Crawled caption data

=== Section Start ===

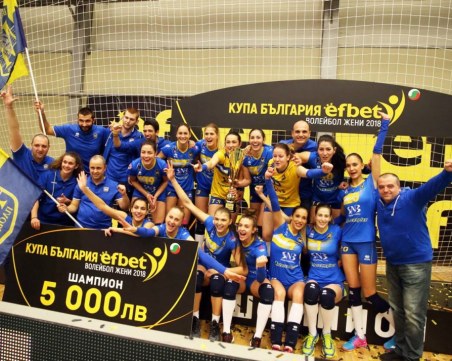 Марица научи съперника си за Купата на България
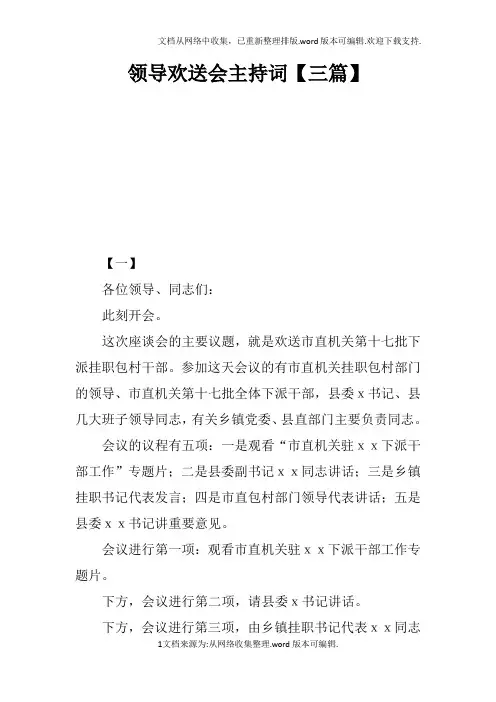 领导欢送会主持词【三篇】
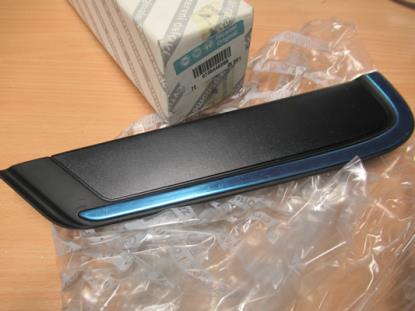 735448288 Sierstuk linkerzijde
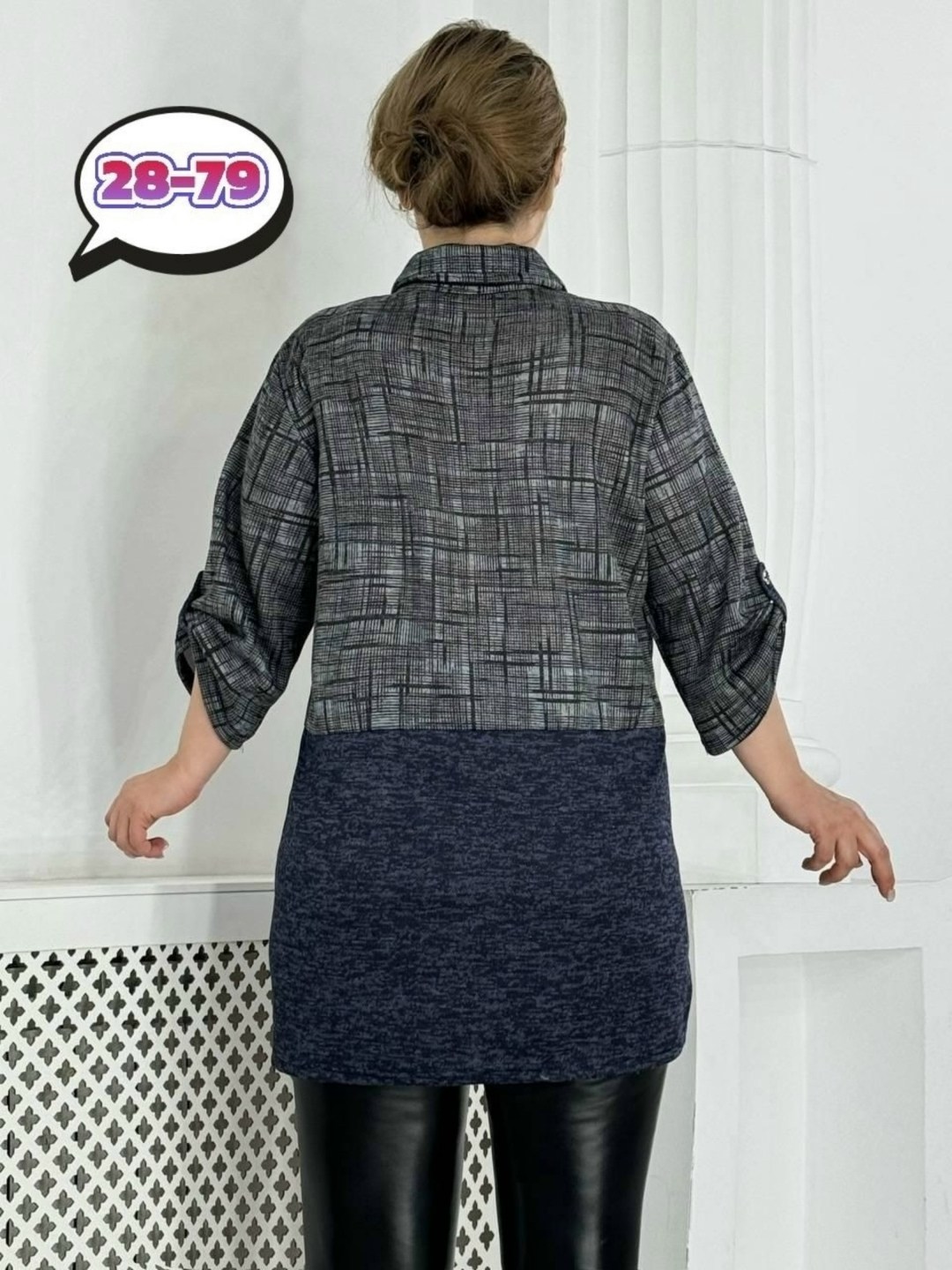 туника теплая большие размеры,женская кофта,женская туника,туника больших размеров тёплая,блузка стильная большие размеры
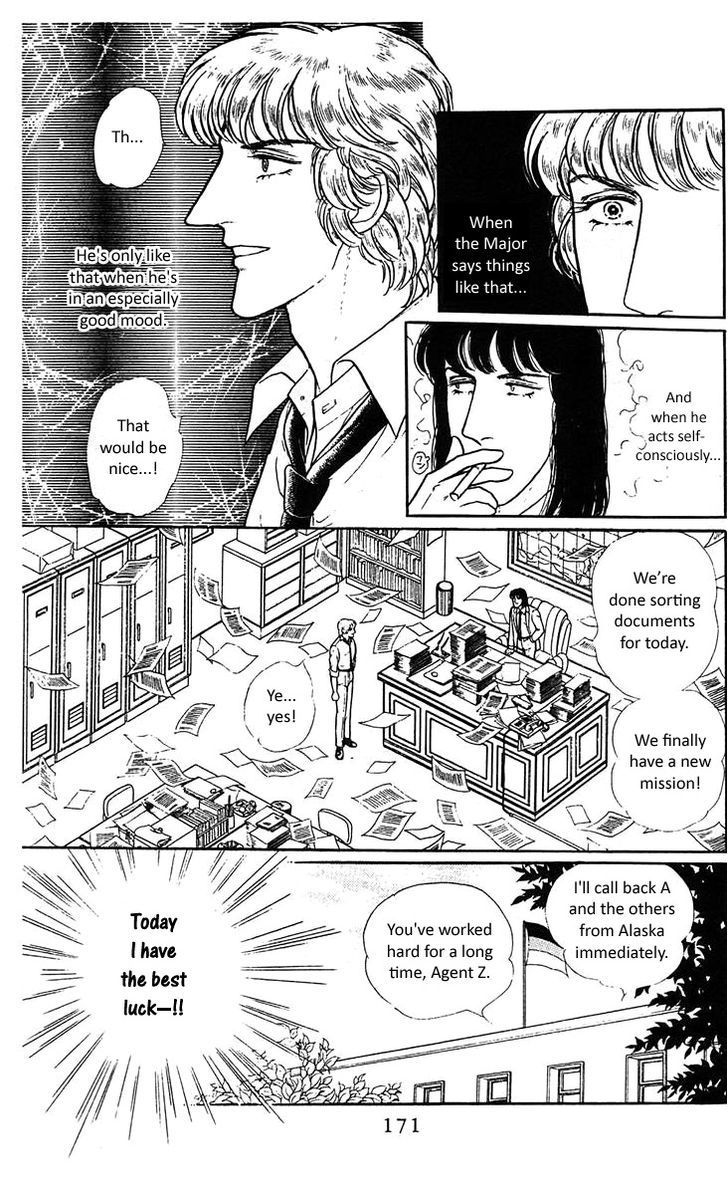 Z - Suites Chapter 5.5 page 20 - Chapter 5.5: Good Luck Z
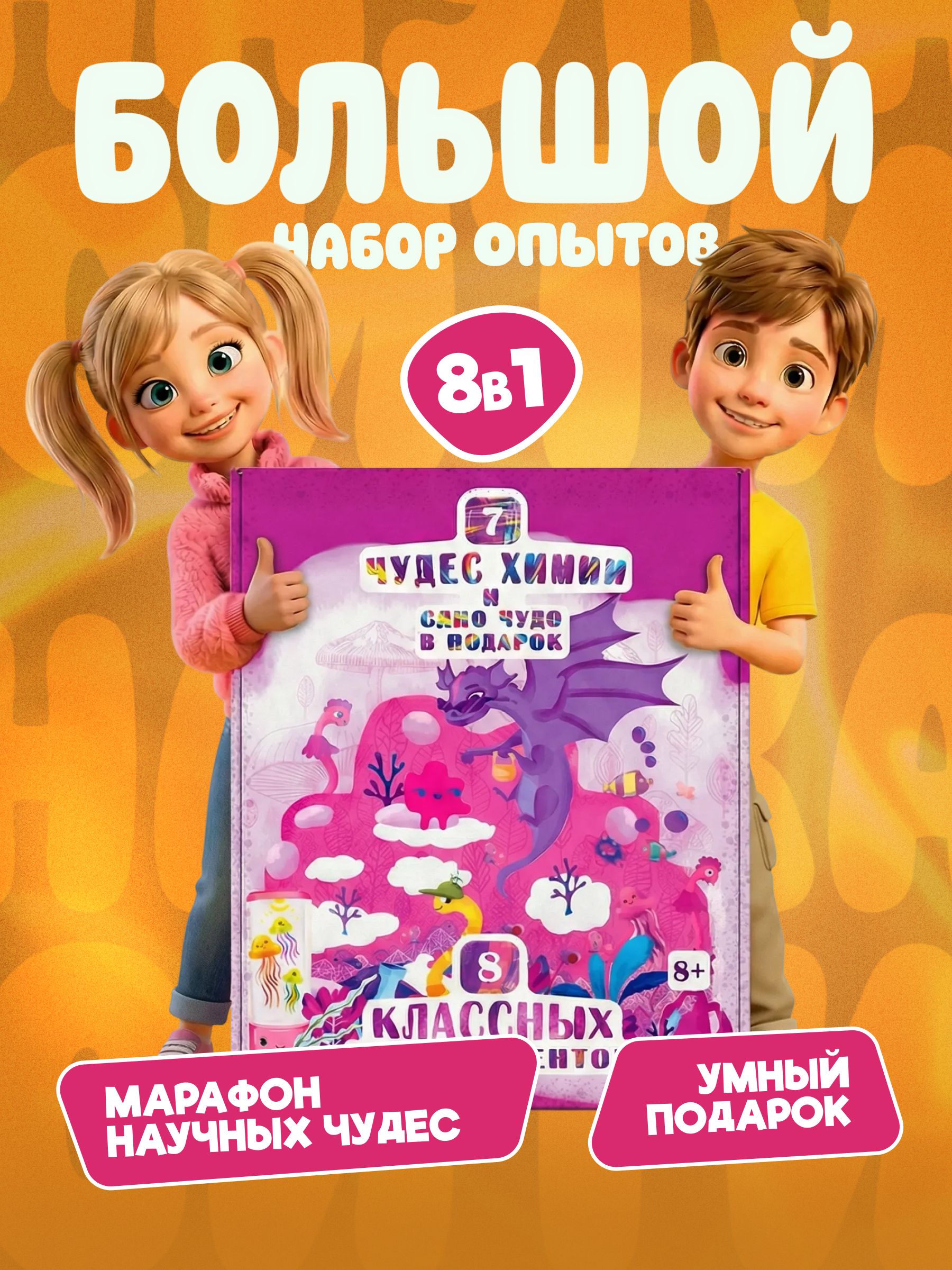 Набор для опытов Наукасити Семь чудес химии 8 в 1 - фото 1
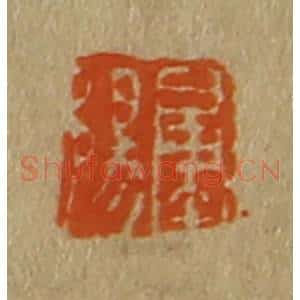 清代 斋藤谦编纂 印谱《肇阳》篆刻印章作品图片欣赏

=== Section End ===

### Work order
Each line from the one holding "Z - Suites Chapter" down to the end of the records is to be reproduced unaltered, and the pictures are to be omitted.

### Task response
 Z - Suites Chapter 5.5 page 20 - Chapter 5.5: Good Luck Z
 Набор для опытов Наукасити Семь чудес химии 8 в 1 - фото 1
 清代 斋藤谦编纂 印谱《肇阳》篆刻印章作品图片欣赏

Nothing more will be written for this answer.